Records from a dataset
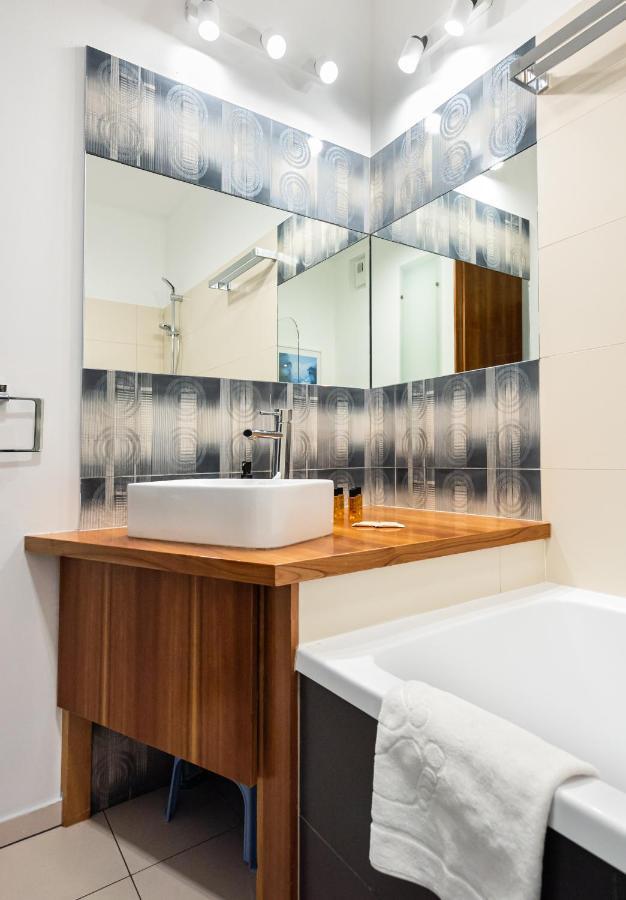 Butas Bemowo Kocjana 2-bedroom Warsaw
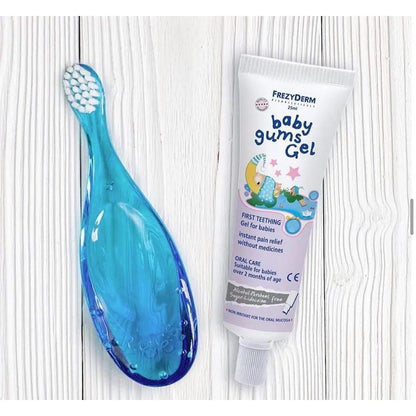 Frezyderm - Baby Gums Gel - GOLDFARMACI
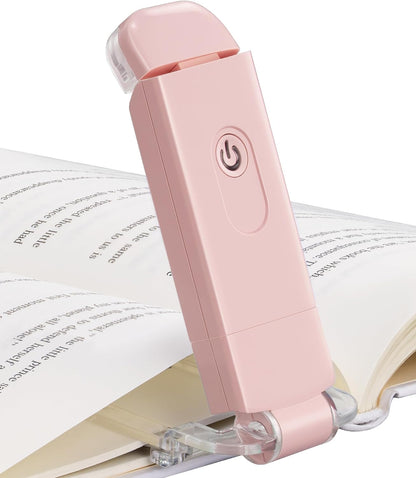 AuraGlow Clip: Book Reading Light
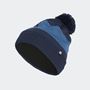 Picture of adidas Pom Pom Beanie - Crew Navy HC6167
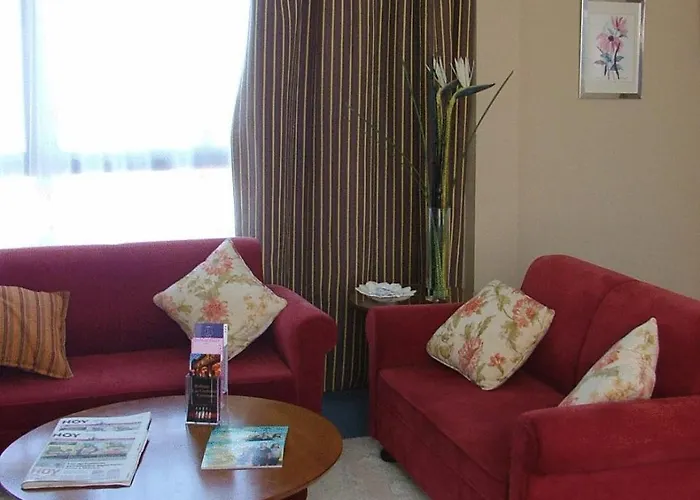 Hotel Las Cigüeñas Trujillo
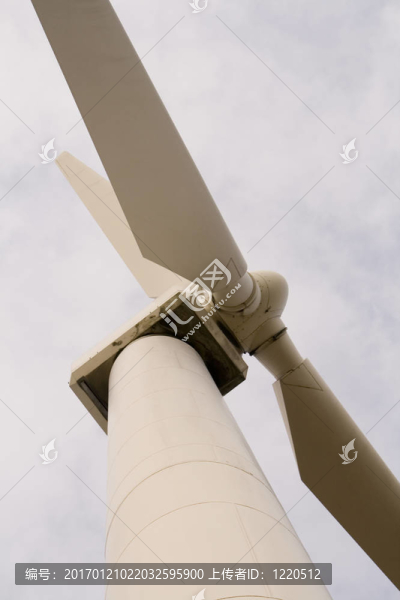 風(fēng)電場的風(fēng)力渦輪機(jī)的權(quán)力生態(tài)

TASK DESCRIPTION =
Set down exactly, from the line that contains "Picture of adidas" through the last line of the data, each line as it stands, and leave the pictures out.

OUTPUT BELOW =
 Picture of adidas Pom Pom Beanie - Crew Navy HC6167
 Hotel Las Cigüeñas Trujillo
 風(fēng)電場的風(fēng)力渦輪機(jī)的權(quán)力生態(tài)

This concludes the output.